Finding Data Movement Bottlenecks
As you’ve heard, data volumes are increasing and putting pressure on BI practitioners to do more with less within ever shrinking processing windows. I’ve provided some ETL best practices in various blogs, such as my “Is ETL (E)ating (T)hou (L)ive?” newsletter. A few additional considerations regarding data movement bottlenecks came from two recent projects targeting SQL Server.
Slow Network
If you’re loading data from data sources on Wide Area Network (WAN), network speed is probably going to be a major concern. While LAN enjoys speeds at around 1,000 Mbps, you’ll probably find WAN speeds to be x10 less. You can use the network tab in the Windows Task Manager to find the network throughput.

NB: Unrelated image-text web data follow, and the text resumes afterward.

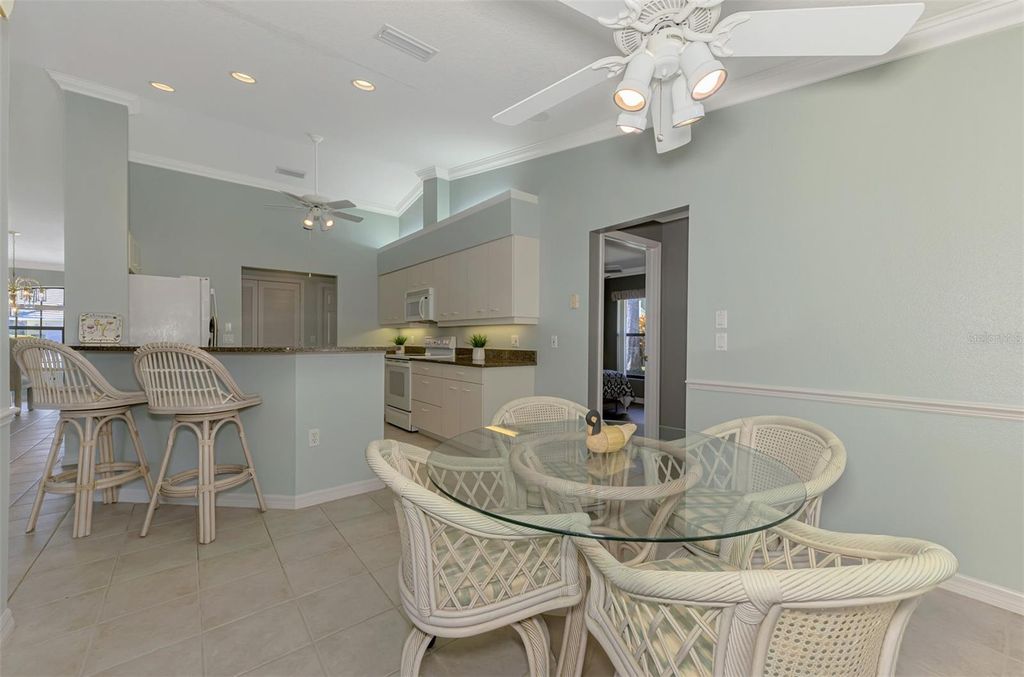 Image 34 of property listing at 525 WATERWOOD LANE, Venice, FL 34293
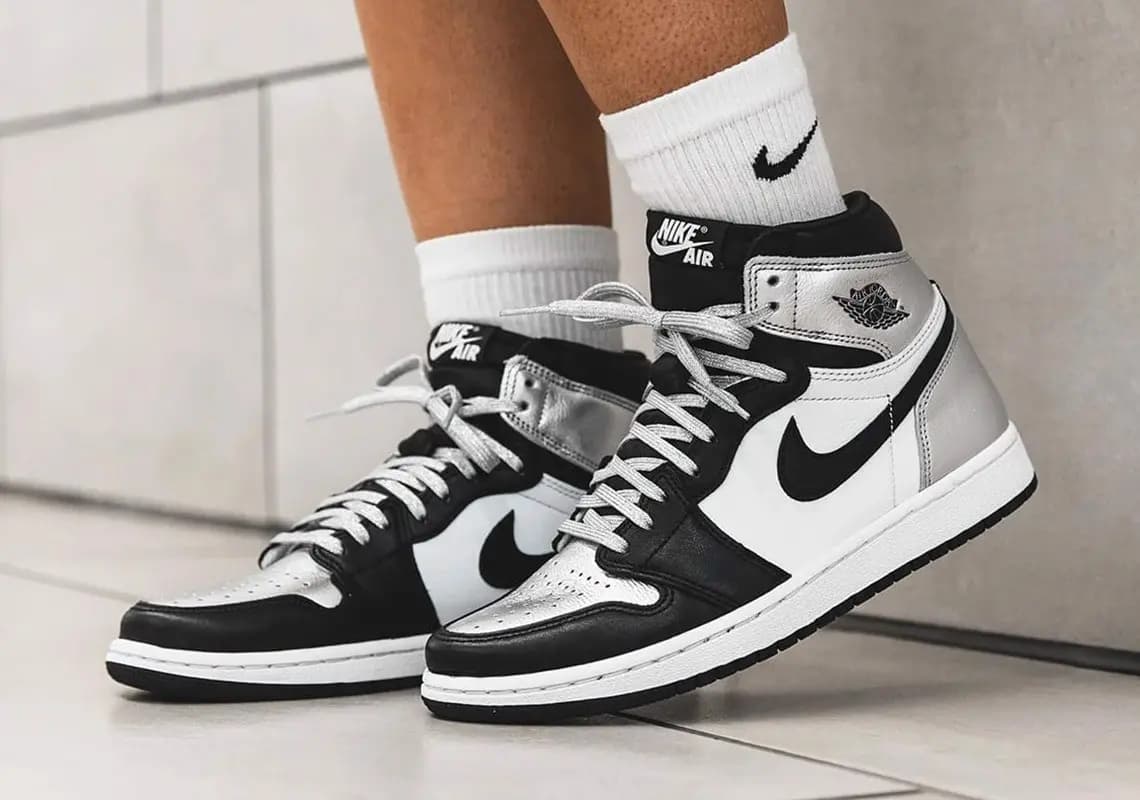 Jordan 1 High 'Silver Toe' trở lại mạnh mẽ dành cho các cô nàng cá tính Jordan 1 High 'Silver Toe' trở lại mạnh mẽ dành cho các cô nàng cá tính
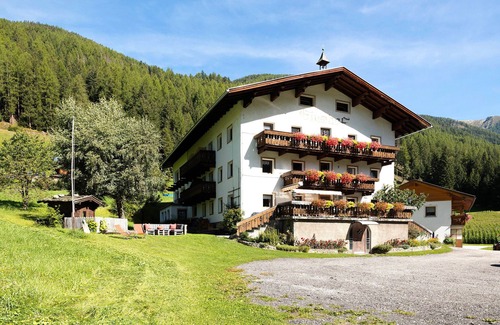 Valle Aurina Apartment | Room 'Ederhof 5' with Mountain View, Shared Terrace and Wi-Fi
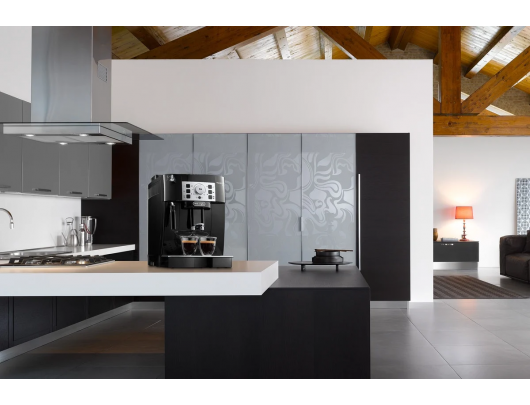 Kavos aparatas Delonghi Coffee Maker ECAM22.112.B Magnifica S Pump pressure 15 bar Built-in milk frother Automatic 1450 W Black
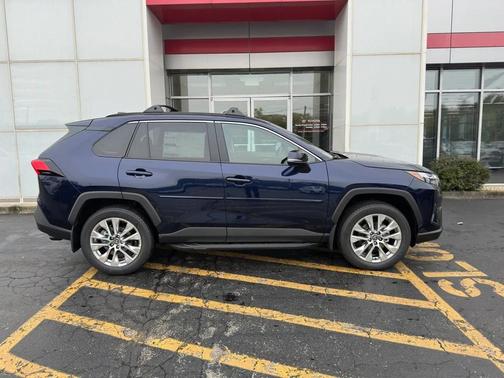 2025 Toyota RAV4 XLE Premium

The next step is to determine how much it slows down data movement using a simple approach:
- Remote in to the remote server.
- Open SSMS, create a query, and execute a SELECT statement from the your ETL data flow task.
- Before running the query, you might want to go to the query options (Grid settings) and check “Discard results after execution” to prevent loading thousands of rows in the query grid and running SSMS out of memory.
- Record the time to execute the query. This is your baseline speed that doesn’t involve the network at all.
- Now remote in to the server where ETL is running and repeat the test. The delta between the two durations would tell you how much time is spent moving the data across the wire.
You now know how much the network slows down ETL but reducing network latencies might be out of your control. Hence, incremental extraction and parallel ETL execution become important.
Slow DML Operations
It’s not uncommon for BI ETL tasks to load huge datasets. Sure, you have SSD drives that got the fast I/O covered, right? Well, there are other things to check. In a recent project, we had a two-node Always On cluster for a high availability of an OLTP database. To reduce SQL Server licensing cost, the data warehouse is hosted on the cluster. Because availability group replication requires Full recovery mode, the data warehouse was configured for Full Recovery. This effectively disables minimal logging which becomes otherwise easily attainable with SQL Server 2016 or higher. Here are some stats from running a simple batch insert of 10 million rows:
- Data warehouse database in Simple Recovery mode: 1:20 min
- Data warehouse database in Full Recover mode: 1:34 min (no minimal logging)
- Data warehouse database synchronized: 6:58 minutes!
As you can see, Full Recovery adds about 18% more overhead (besides huge logs during massive DML operations). However, the worst culprit is the synchronization between primary and secondary replicas, slowing down the overall execution time five times! You’ll know that you are waiting for replica synchronization when you see HADR_SYNC_COMMIT wait type. You can follow the steps in this blog to try reducing the cluster synchronization latency but the best strategy might be to remove the DW database from synchronization and to change its recovery mode to Simple, assuming that DW is not a mission critical resource.
All projects start simple. Adventure Works-type data loads are fast and require no optimization. But many of us are not that lucky and tackling 100s of millions (if not billions of rows) is becoming the norm. You must bend backwards to optimize data movement and reduce ETL processing windows before discovering that ETL tasks are running back to back 24×7.